FAQ: Creating your brand as a customer-focused application
Thursday, March 17th, 2011In a previous post, Brand strategy: create your entire brand as a customer-focused application, I set forth the advantages of developing your brand as an application to move customers forward. In this FAQ I’ll answer some basic questions about this approach.
How does the application approach for brands differ from traditional brand approaches?
In the application approach the brand is a customer enabler. It incorporates dimensions of innovation that can move customers forward by making them better off. It does so as part of a joint venture with customers, an act of teaming rather than an act of selling. This is quite different from conventional brand approaches which treat brands as a structure of meaning to be communicated, or as a persuasion package to influence how customers feel and think.

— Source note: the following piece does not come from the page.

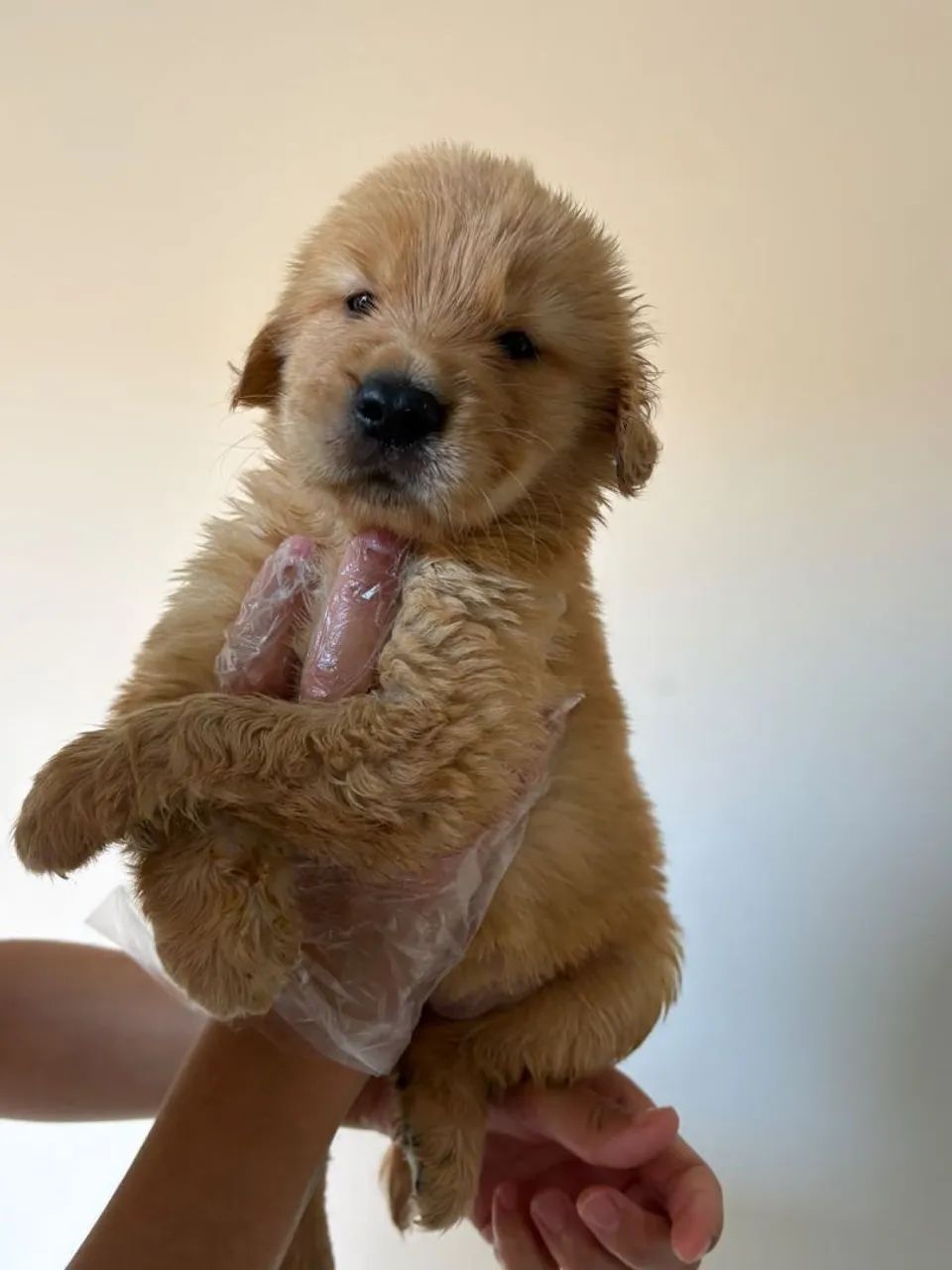 Golden Retriever com pedigree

Why is the application approach better?
The application approach incorporates a complete brand/customer strategy. The brand goal is to make customers better off through innovations that advance customers beyond the reach of competitors. Example: iPod and iTunes advanced customers beyond the CD, and beyond less integrated music players. They moved their customers to a new market space (category) where competitors couldn’t (easily) follow—and, where life was much, much better for customers.
The application approach also anchors the brand in company operations. We have one brand approach for company vision, values and operations that we leverage into the customer sphere. The brand is the backbone from the lowest employee to the highest customer.

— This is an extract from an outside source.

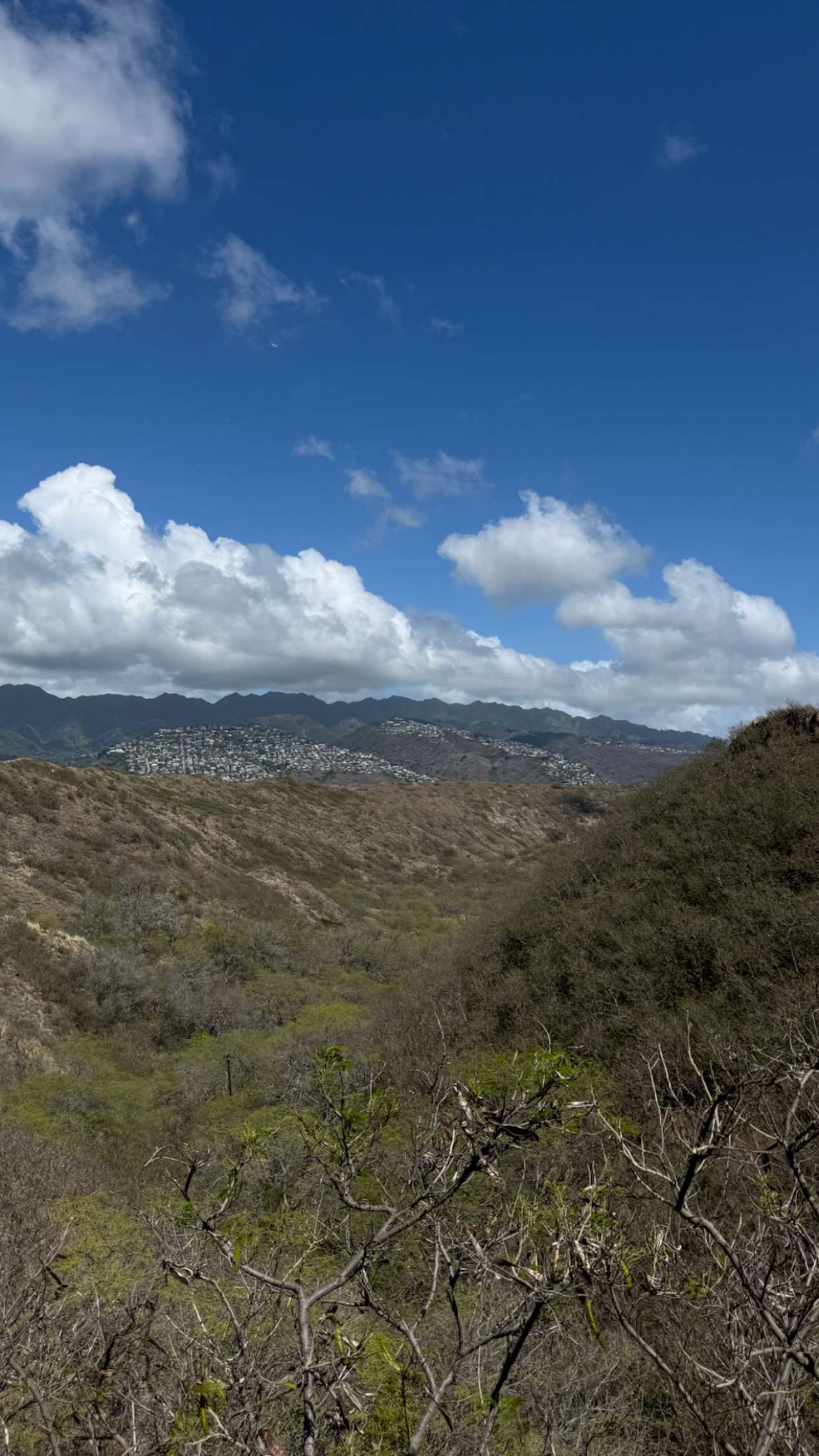 gwendolynceline snapchat image archive image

What role do ad agencies play in the application approach?
They become app agencies.
Why must the brand be geared to innovation?
Gearing your brand to innovation can confer strategic advantage. Your brand helps deliver value that advances customers into new realms (markets) where competitors can’t follow. You make customers exclusively better off. If your brand can’t innovate, you are condemned to ad campaigns to make your brand “work” —while your customers are going nowhere. Eventually, the only way they can move forward is to leave.
Aren’t all brands applications of some sort?
Yes they are. Most brand programs are applications. Customer service is a common brand application. Community programs can be applications, too. These will be piecemeal and inefficient applications, however, unless the entire brand is developed as a focused application to move customers forward. The good news is that your existing brand infrastructure may facilitate the transition.
What about brand relationships?
In the application approach, a brand creates customer relationships through its structured customer interactions. These relationships become sustainable when the brand delivers value that moves customers forward. They are more strategic compared to relationships formed using the brand identity model, where what the brand “is” (or what it represents) forms the basis of relationships. Thus, a brand trying to become an “icon” is at a disadvantage to a brand developed as an application (other things being equal.) The icon is fixed. The application moves forward on customer feet. It can explore new types of brand relationships because it’s made to be iterative, collaborative and open to prototyping.
What about brand experience?
The application approach offers the best platform for creating strategic brand experiences. You will have a single, unified brand application that runs the business and makes customers better off.
Can the application approach scale the brand to new levels and new markets?
Yes. That is one of its primary benefits. It is designed to scale. And it can pivot.
Does the application approach entail a different definition of brand?
Yes. It defines the brand as a method of creating value. The brand goal is to create new forms of customer value that advance customers into new market spaces that competitors can’t reach. As a method for creating value, the brand equation is Company Potential X Customer Potential. The brand works as a single, integrated and systematic method to optimize company performance and customer performance. (A philosophical tenet of the application approach is that a company is only as good as its customers.)
Does the application approach change the context of the brand team?
Yes. The brand team acts more like developers than communicators. Instead of “building” a brand as a structure of meaning to be communicated, we develop it dynamically as an enabling platform, through strategic acts of innovation, in concert with customers. The brand team works shoulder to shoulder with product teams through product development and delivery. Ideally, the brand team leads product development. Through the brand team product development becomes customer development.